R version 2.14.1 (2011-12-22) filehash: Simple key-value database (2.2 2011-07-21) A Set of Tools for Administering SHared Repositories (0.3-4 2011-07-15) tikzDevice: A Device for R Graphics Output in PGF/TikZ Format (v0.6.1) pgfSweave: Using PGF Version 2.10 pgfSweave: Version 1.2.1 - 2011-04-03

Kind regards,

Hans Ekbrand

yihui commented 12 years ago

you can use three backticks to protect your code; see Syntax highlighting in http://github.github.com/github-flavored-markdown/

I took your example as a test case for my knitr package (sorry Cameron! I know this is shameless ads...), and it worked as expected.

library(knitr)
knit('pgf.Rnw')

where the file pgf.Rnw is as below:

\documentclass{article}
% \SweaveOpts{cache=T,dev='tikz',fig.width=4,fig.height=4}
\begin{document}

<<>>=
x <- 10000
set.seed(42)
a <- rnorm(x)
b <- factor(LETTERS[sample(1:7, x, replace = TRUE)])
c <- factor(LETTERS[sample(1:4, x, replace = TRUE)])
my.fit <- glm(c ~ b + a, family = "binomial")
my.results <- confint(my.fit)
@

<<>>=
barplot(rowSums(my.results[2:7,]))
@

\end{document}
hans-ekbrand commented 12 years ago

Just to show the differences between cacheSweave and pgfSweave:

\documentclass{article}
\usepackage{tikz}
\usepackage[nogin]{Sweave}
\begin{document}
<<foo,cache=T>>=
x <- 10000
set.seed(42)
a <- rnorm(x)
b <- factor(LETTERS[sample(1:7, x, replace = TRUE)])
c <- factor(LETTERS[sample(1:4, x, replace = TRUE)])
my.fit <- glm(c ~ b + a, family = "binomial")
my.results <- confint(my.fit)
@
<<bar,fig=T>>=
barplot(rowSums(my.results[2:7,]))
@
<<fool,cache=T>>=
x <- 10000
set.seed(42)
a <- rnorm(x)
b <- factor(LETTERS[sample(1:7, x, replace = TRUE)])
c <- factor(LETTERS[sample(1:4, x, replace = TRUE)])
my.fit <- glm(c ~ b + a, family = "binomial")
trash <- system("sleep 10")
@

<<bat,fig=T>>=
barplot(coef(my.fit)[2:7])
@
\end{document}

When I run this in R using

library(cacheSweave)
system.time(Sweave("bar.Rnw", driver = cacheSweaveDriver, compile.tex = F, pdf = T))
system.time(Sweave("bar.Rnw", driver = cacheSweaveDriver, compile.tex = F, pdf = T))
detach(package:cacheSweave)
library(pgfSweave)
system.time(pgfSweave("bar.Rnw", compile.tex = F, pdf = T))
system.time(pgfSweave("bar.Rnw", compile.tex = F, pdf = T))
detach(package:pgfSweave)

cacheSweave does the right thing.

hans-ekbrand commented 12 years ago

I also see new cache-folders being created for each run, that is unexpected since I have not changed the chunks.
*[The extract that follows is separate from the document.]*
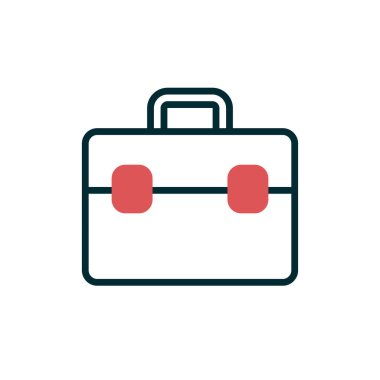 Evrak çantası modern simgesinin vektör illüstrasyonu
hans-ekbrand commented 12 years ago

After quite some debuging efforts, I have found the problem related to the keep.source option. When it is set to F, caching works as expected, when set to T (or unset, as the default is T), caching is essentially inactivated. The following example works good, as long as keep.source=F.

\documentclass{article}
\usepackage{tikz}
\usepackage[nogin]{Sweave}
\SweaveOpts{cache=T,keep.source=F}
\begin{document}
<<foo>>=
x <- 10000
set.seed(42)
a <- rnorm(x)
b <- factor(LETTERS[sample(1:7, x, replace = TRUE)])
c <- factor(LETTERS[sample(1:4, x, replace = TRUE)])
my.fit <- glm(c ~ b + a, family = "binomial")
system("sleep 20")
@
<<bat,fig=T>>=
barplot(coef(my.fit)[2:7])
@
\end{document}